(Activity): The expected answer is the full listing, repeated exactly and free of images.

(Data provided):

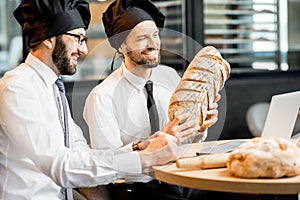 Bakers working with bread in the office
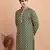 Elegant green kurta with yellow thread embroidered geometric pattern & embellished neckline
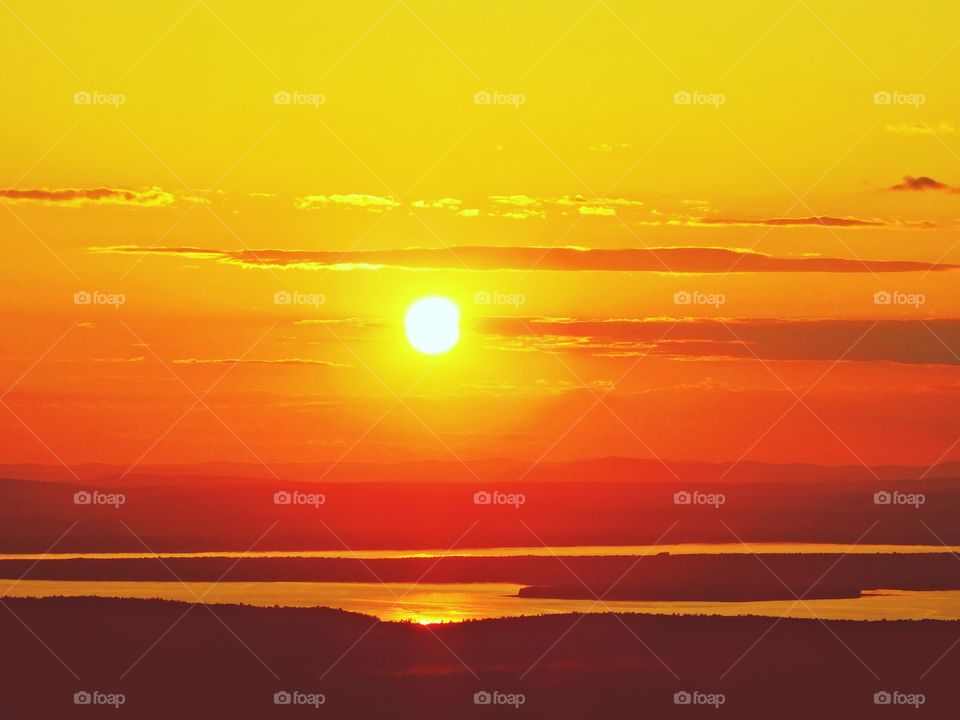 Sunrise vs Sunset - Sunset from the mountain top - I watched with an unwavering gaze, as a fiery orange orb of light slowly sank beneath the horizon, and threads of light lingered in the sky, mingling with the clouds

(Written response):
 Bakers working with bread in the office
 Elegant green kurta with yellow thread embroidered geometric pattern & embellished neckline
 Sunrise vs Sunset - Sunset from the mountain top - I watched with an unwavering gaze, as a fiery orange orb of light slowly sank beneath the horizon, and threads of light lingered in the sky, mingling with the clouds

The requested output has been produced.